The Obama administration attempted to navigate Syria’s complexities but to no avail. Aside from the successful political efforts to dismantle the Syrian regime’s chemical arsenal and the provision of humanitarian aid, the administration’s policies were largely ineffective, if not counterproductive. Multiple military training programs and exhaustive diplomatic efforts to broker a ceasefire yielded little to no tangible progress. This is not to diminish the efforts of dedicated members of his administration, many of whom I witnessed first-hand working tirelessly in support of Syrians. These individuals often pushed boundaries to bring about change, and at times, expressed frustration with the lack of strategy.
While some voices called for the deployment of U.S. armed forces to confront Assad directly, I do not believe that this was a necessary course of action. The core failure of Obama’s Syria policy, in my view, lies in considering Syria as nothing more than strategically insignificant.

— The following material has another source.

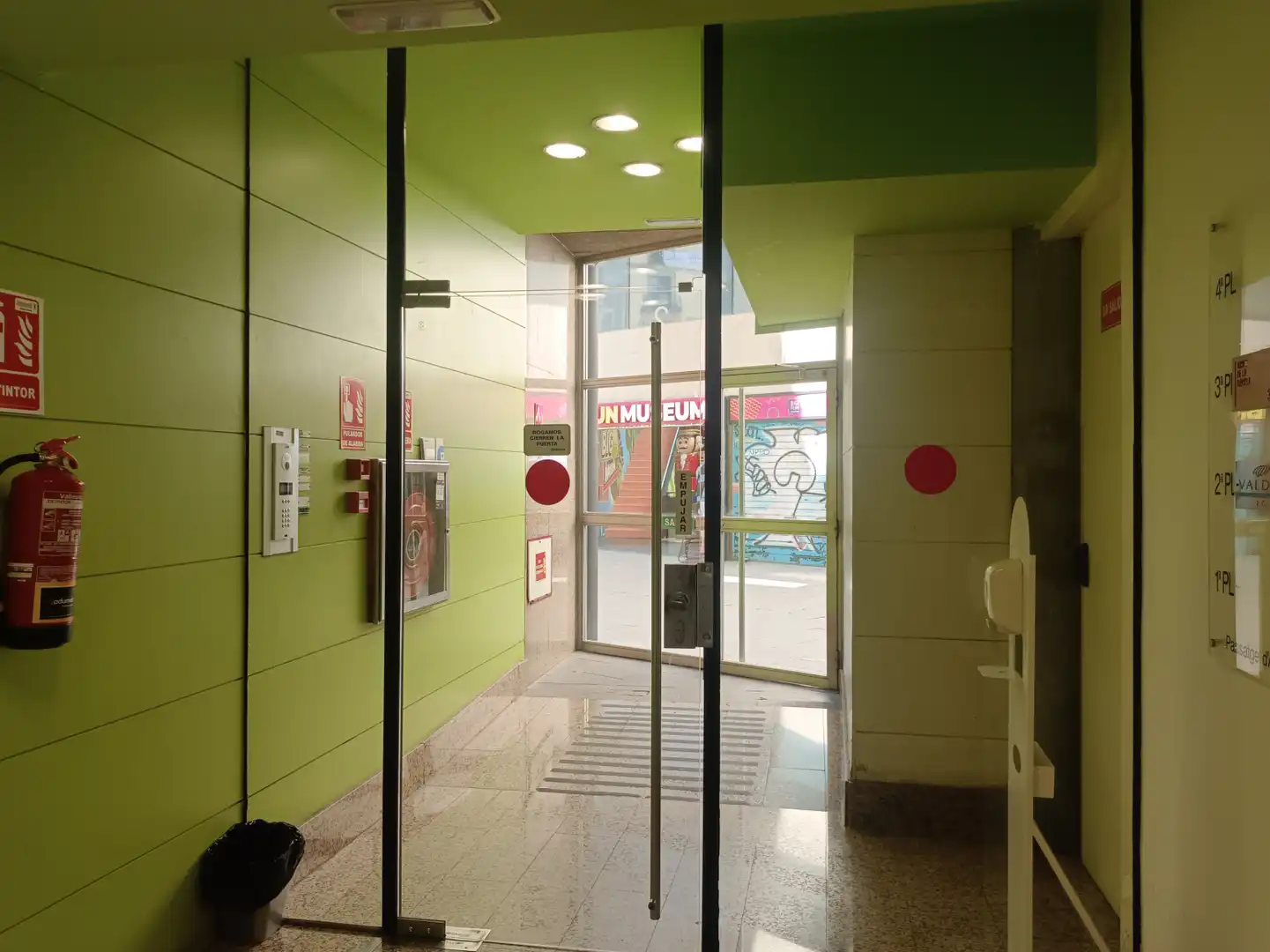 Oficina en venta en Barcelona - Calle La Rambla, Barri Gòtic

Under President Donald Trump, the United States largely continued the Obama administration’s approach to Syria. The Trump administration prioritized battling the Islamic State and conducting drone strikes on suspected al Qaeda operatives. The primary deviation from Obama’s policy was the launch of punitive airstrikes against the Assad regime following its chemical weapons attacks. However, beyond these strikes, the Trump administration did not make a sustained commitment to facilitating a political transition in Syria.
Reversing Course: A Need for An Active and Effective U.S. Role in Syria
Over the past 13 years, Syrians have consistently appealed to three different U.S. administrations with constructivist principles, such as protecting human rights, facilitating the return of 13 million displaced people, and preventing further chemical attacks. Yet, their appeals have largely fallen on deaf ears given the dominance of the Obama doctrine, which has reduced Syria to mere leverage in broader political negotiations with Russia or Iran. However, this doctrine has proven to be misinformed.

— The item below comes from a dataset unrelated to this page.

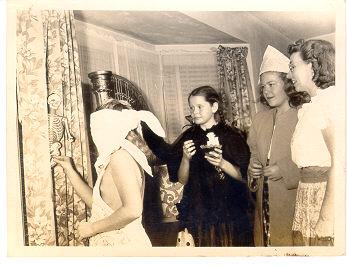 Halloween Party 1940's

The incoming administration should prioritize achieving a political transition in Syria not merely to uphold international norms but also to advance U.S. strategic interests in the region and international stability at large. In this context, I will mention three reasons.

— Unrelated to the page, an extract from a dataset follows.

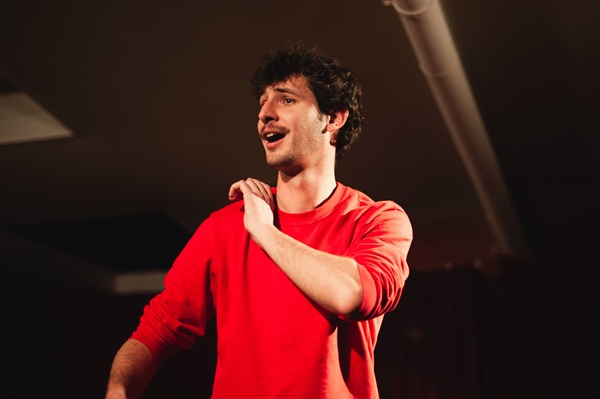 Cours de théâtre humour à Paris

First, the U.S. settlement with Iran must start from Syria. Contrary to prevailing assumptions, Syria holds greater strategic significance for the Iranian regime than vice versa. Syria affords Iran critical access to the Mediterranean Sea and serves as a crucial conduit for supplying Hezbollah. This relationship has enabled Tehran to augment its influence in Lebanon by capitalizing on anti-Israel rhetoric. Prolonging the conflict has, in fact, fortified Iran’s military presence in Syria, permitting it to establish a base for Iranian forces and proxies within Syrian territory. Absent Syria, Iran’s Axis of Resistance would encounter substantial logistical and geopolitical challenges. Consequently, before proceeding with any negotiations with Iran, the United States should play an active role in actualizing Resolution 2254. This step will shift the political dynamic in Syria to a less favorable position for Iran, thereby diminishing Iran’s leverage in negotiations.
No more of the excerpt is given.